Khouw Kong Hu yang baru saja reda ketegangan jiwanya hanya mengangguk.

„Mengapa Si-ko bisa berkesimpulan demikian?” tanyanya.

„Kesatu,”‘ si kakek melanjutkan. „Yu Leng telah mewariskan ilmu silatnya kepada Wei Beng Yan tetapi ia tidak membunuh diri. Kedua, Yu Leng yang berjiwa besar tidak mungkin ingin mengambil pusing soal ketiga jarum Yan-bie-tin mu!”

„Aku kira Si-ko telah berkesimpulan keliru tentang Yu Leng. Sebelum lembah Yu-leng-kok tertutup, banyak orang telah menjadi korban keganasan, rupanya Yu Leng tidak pandang bulu, barang siapa yang menimbulkan amarahnya, ia bunuh!”

„Kita akan membuktikan pendapatku itu nanti malam di gedung saudara Tie!”

Setelah selesai makan minum hari sudah menjadi magrib, maka mereka lekas-lekas membayar untuk segera menuju ke rumah keluarga Tie. Dari kejauhan rumah gedung tersebut kelihatannya gelap dan seram sekali. Mereka berjalan ke belakang rumah gedung itu. Lalu dengan ilmu meringankan tubuh, mereka meloncat ke atas tembok yang mengelilingi rumah besar itu.

Baru saja mereka berada di atas tembok, tiba-tiba lentera-lentera kertas merah yang tergantung di atas kong-liong ruangan belakang menyala. Mereka lekas-lekas menjatuhkan diri di atas tembok lalu sambil bertiarap mereka menyelidiki keadaan. dalam ruangan belakang rumah gedung itu.

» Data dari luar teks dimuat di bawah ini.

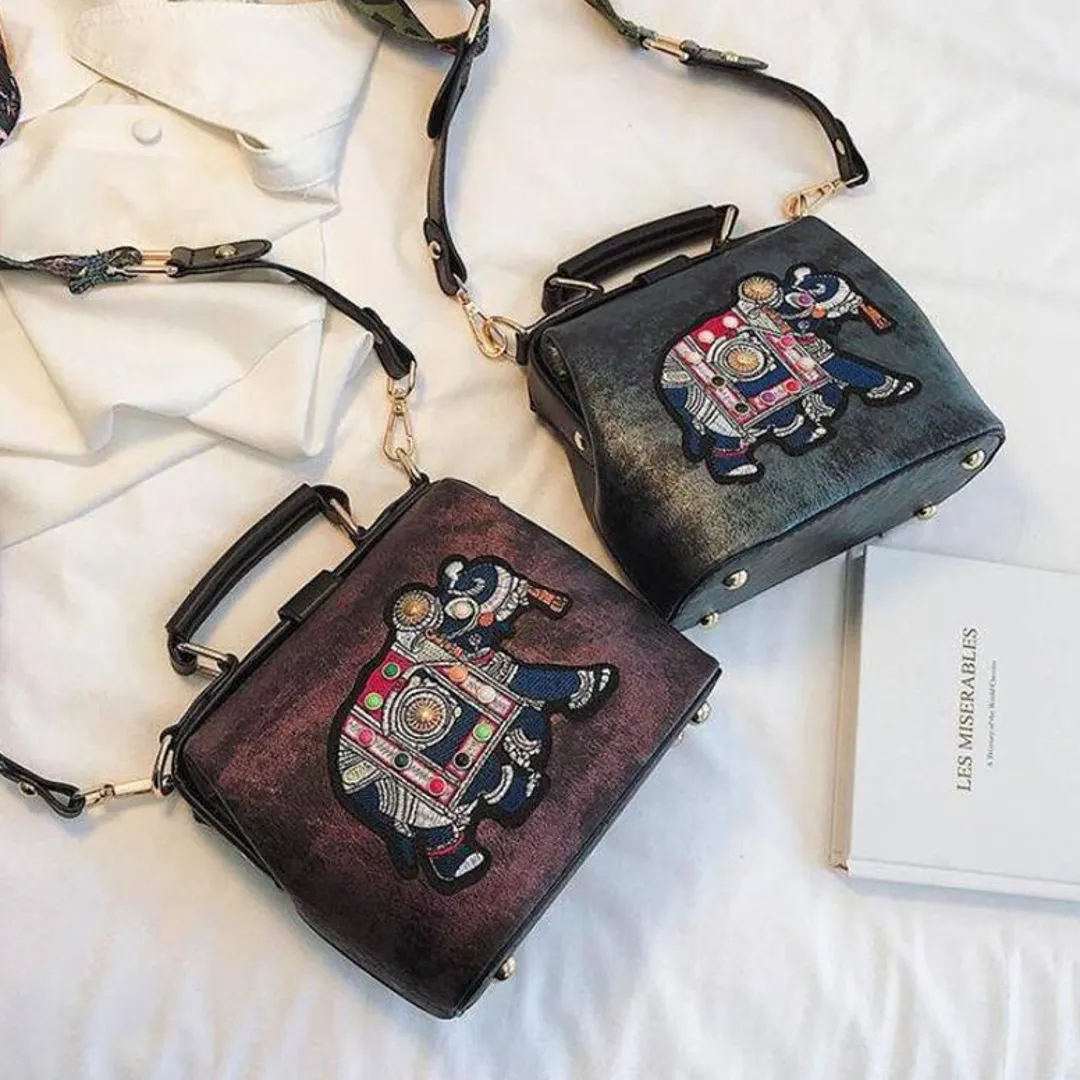 Elephant Embroidered Ethnic Sling Bag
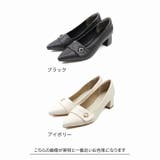 ポインテッドトゥメタルモチーフベルトパンプス | VIVIAN COLLECTION | 詳細画像3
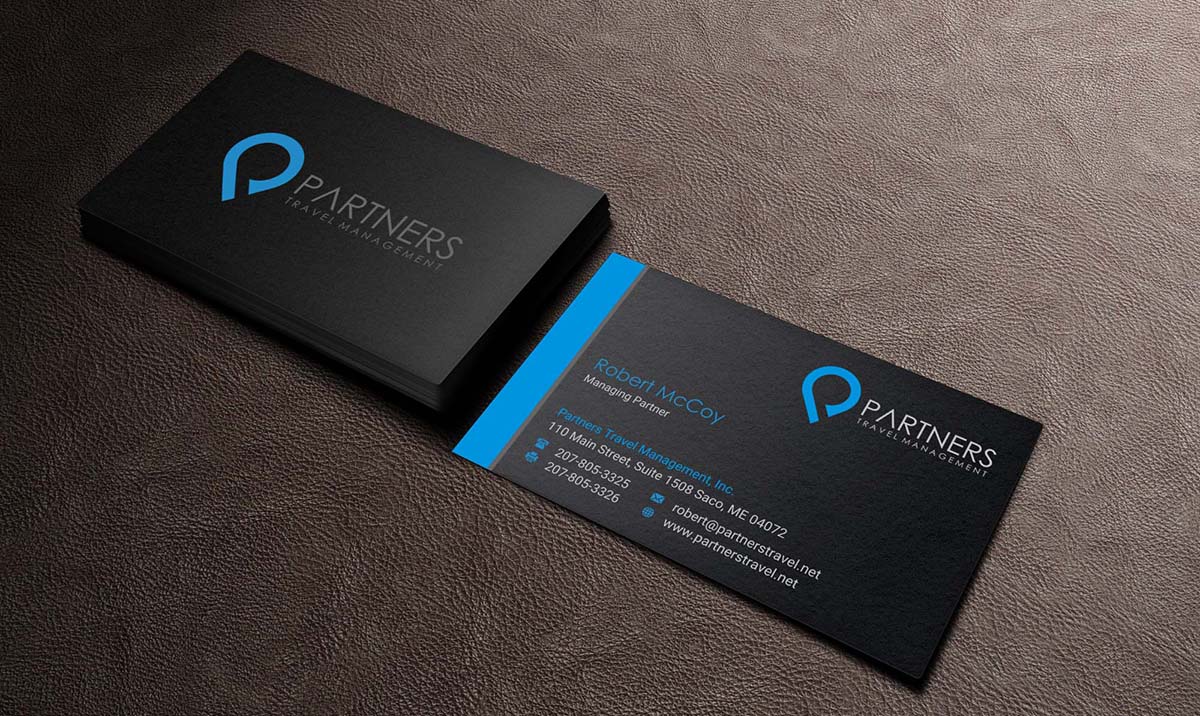 Diseño de Tarjeta de Presentación por INDIAN_Ashok para Partners Travel Management | Diseño #10861552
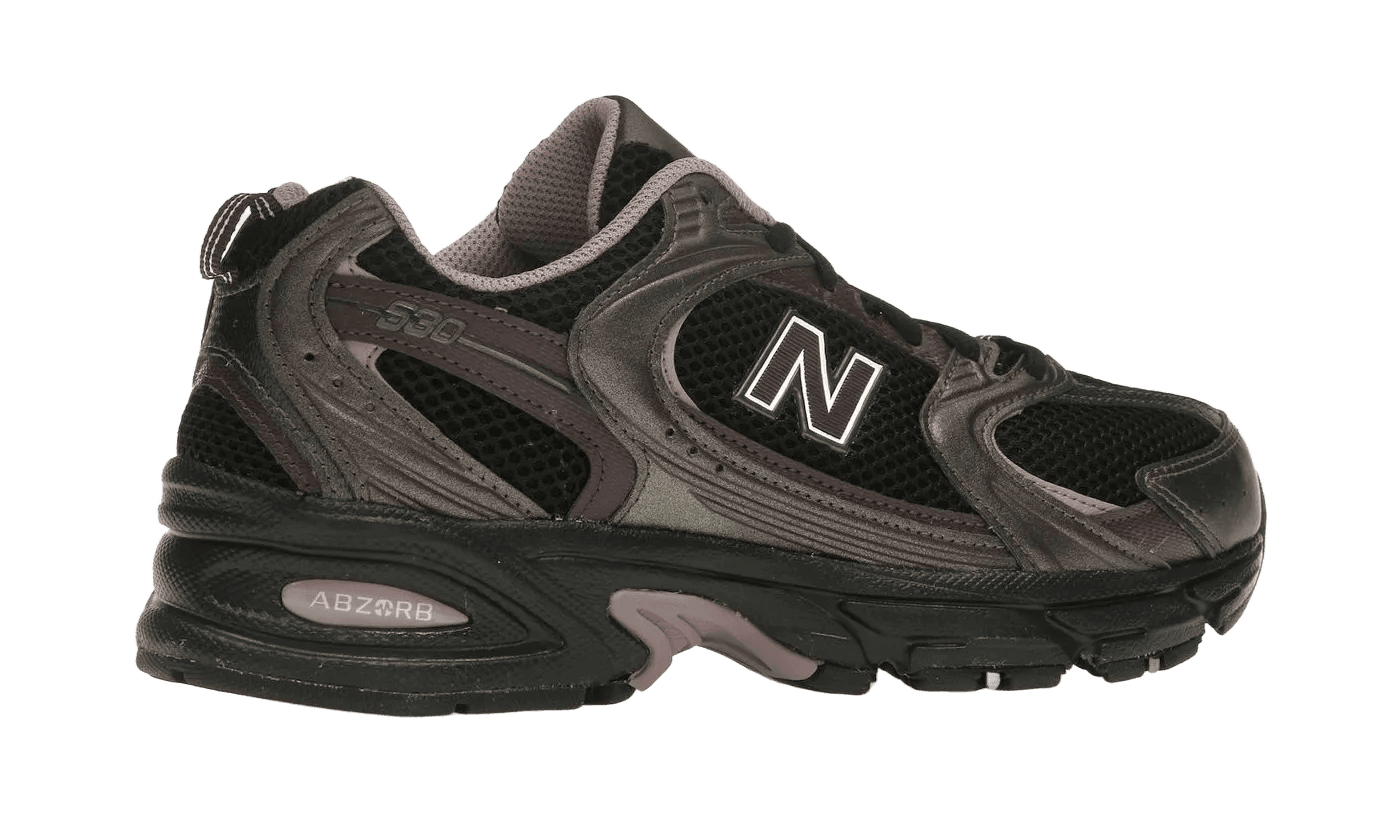 New Balance 530 Black Metallic Plum Brown - MR530ADD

Ruangan belakang itu besar dan cahaya merah yang dipancarkan oleh lentera-lentera kertas membikin mereka teringat akan peristiwa di tempat pembunuhan Kiu It!

Sekejap kemudian lentera kertas yang berada di ruangan dalam menyala dan berbareng dengan menyalanya lentera itu, tiba-tiba terdengar suara meraung -- serupa yang Ouw Lo Si biasa dengar dari lembah Yu-leng-kok, ketika kakek itu menyembunyikan diri di kaki pegunungan Tay-piet-san.

Mereka berusaha meneliti siapa yang telah meraung itu, tetapi karena sinar ketujuh lentera kertas merah tersebut, yang tergoyang-goyang tertiup angin malam, tidak demikian kuat sinarnya sehingga keadaan ruangan itu agak gelap, dan mereka tidak dapat melihat.

Suara meraung itu makin lama makin nyaring terdengarnya, lalu dari ruangan dalam berkelebat bayangan orang!

Ouw Lo Si dan Khouw Kong Hu terus tertiarap dan tidak berani bergerak, khawatir pengintaian mereka dipergoki. Sejenak kemudian mereka melihat sesosok bayangan mencelat melalui tembok yang mengelilingi Rumah itu. Mereka dapat melihat dengan samar-samar, seorang yang berambut panjang, berperawakan kurus jangkung melayang melewati tembok yang menjulur ke arah mereka sedang tertiarap.

Mereka terperanjat menyaksikan ilmu meringankan tubuh orang itu yang demikian hebatnya, berbareng dengan itu mereka dapat mendengar suara ‘Ting!’ yang agak aneh.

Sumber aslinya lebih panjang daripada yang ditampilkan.